# 19.1: Introduction to Cycloids

- Page ID
- 7051

Let us set up a coordinate system \(Oxy\), and a horizontal straight line \(y = 2a\). We imagine a circle of diameter \(2a\) between the \(x\)-axis and the line \(y = 2a\), and initially the lowest point on the circle, P, coincides with the origin of coordinates O. We now allow the circle to roll counterclockwise without slipping on the line \(y = 2a\), so that the centre of the circle moves to the right. As the circle rolls on the line, the point P describes a curve, which is known as a* cycloid*.

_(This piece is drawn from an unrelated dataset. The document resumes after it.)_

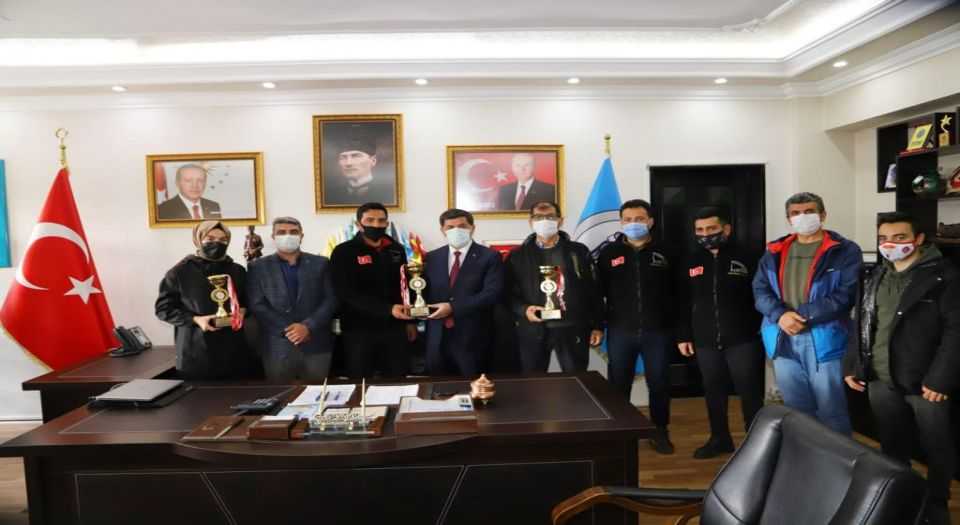 Erzicanlı sporcular Adanadan üç kupa ile döndü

When the circle has rolled through an angle \(2\theta \), the centre of the circle has moved to the right by a horizontal distance \(2a \theta \), while the horizontal distance of the point P from the centre of the circle is \( a \sin 2 \theta \) and the vertical distance of the point \(P\) below the centre of the circle is \( a \cos 2 \theta \). Thus the coordinates of the point \(P\) are

\[ x = a(2 \theta + \sin 2 \theta) \label{19.1.1} \tag{19.1.1}\]

and

\[ y = a (1 - \cos 2 \theta ). \label{19.1.2}\tag{19.1.2}\]

Equations \(\ref{19.1.1}\) and \(\ref{19.1.2}\) are the parametric equations of the cycloid. Using a simple trigonometric identity, Equation \(\ref{19.1.2}\) can also be written

\[ y = 2a \sin^2 \theta . \label{19.1.3}\tag{19.1.3}\]

Example \(\PageIndex{1}\)

When the \(x\)-coordinate of P is 2.500\(a\), what (to four significant figures) is its \(y\)-coordinate?

**Solution**

We have to find \(2 \theta \) by solution of \( 2 \theta +\sin 2 \theta \). By Newton-Raphson iteration or otherwise, we find \(2 \theta \) = 0.931 599 201 radians, and hence y = 0.9316\(a\).